Woah, this looks awesome! I can totally see myself integrating this into my org-roam workflow. Thank you for sharing!
shrubble 148 days ago [-]
Thanks, I thought it was incredibly inventive and deserved to be shared.
faustlast 148 days ago [-]
I use that, it is useful for small drawings, not so much for handwriting. When using it with a tablet, maybe with some algorithm improvements, it can be as good as Inkscape.
abdullahkhalids 147 days ago [-]
Why is it not good for handwriting? Is the smoothing algorithm not good enough? Or the resolution?
BeetleB 148 days ago [-]
What's impressive is that this is not tied to Linux utilities. In fact, the author developed it in Windows!

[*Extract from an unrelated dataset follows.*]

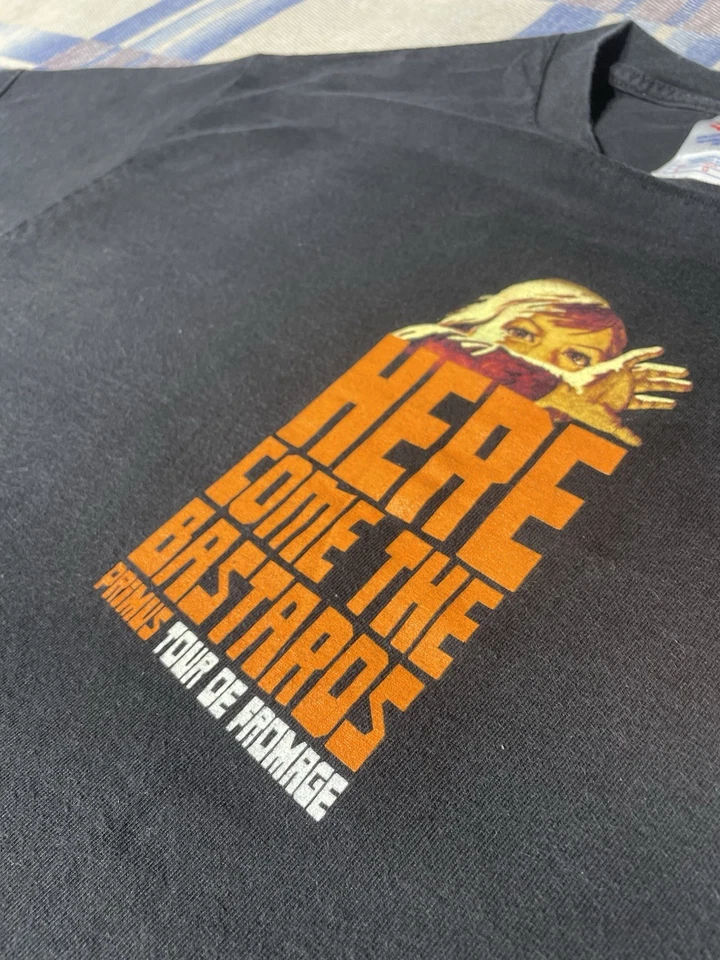 2003 Primus Here Come The Bastards Tour De Fromage Tour T-shirt Size Large - Image 2 of 4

Beijinger 148 days ago [-]
Outstanding. The only thing Emacs now lacks is a decent editor.
BeetleB 148 days ago [-]
Solved long ago with evil.
bjoli 147 days ago [-]
Emacs is in many ways a better vim than vim. I moved from vim to emacs+evil and never looked back.
setopt 138 days ago [-]
To be fair, it really depends how you use them. Vim has a better TUI while Emacs has a better GUI. Vim is generally easier to configure while Emacs is easier to extend. Vim has more packages that extend the modal editing itself (e.g. extra text objects), while Emacs has more packages that do everything else. Etc…
taneliv 148 days ago [-]
That color picker looks nifty, might want to install this just for that!

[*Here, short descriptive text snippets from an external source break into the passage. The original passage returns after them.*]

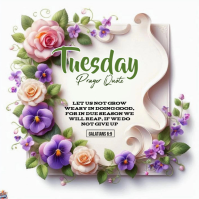White Floral Prayer Quote Logo template
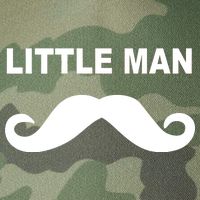 Funny Little Man Mustache Legacy Tie Dye Trucker Hat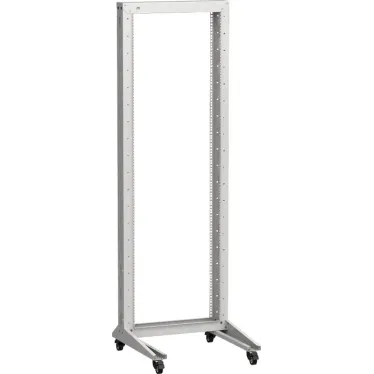 Стойка однорамная на роликах LINEA F 20U 600х600мм серая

JoeyBananas 147 days ago [-]
In emacs you do things the emacs way. You will have a hard time if you try to fight it. This is doing something other than text editing, and therefore it is fighting against Emacs.
pmontra 148 days ago [-]
Better than many online tools, except for collaboration.
abdullahkhalids 147 days ago [-]
There is at least one collaborative editing tool for emacs [1]. I have never tried it, and I don't know how difficult it will be to make Easydraw buffer shared.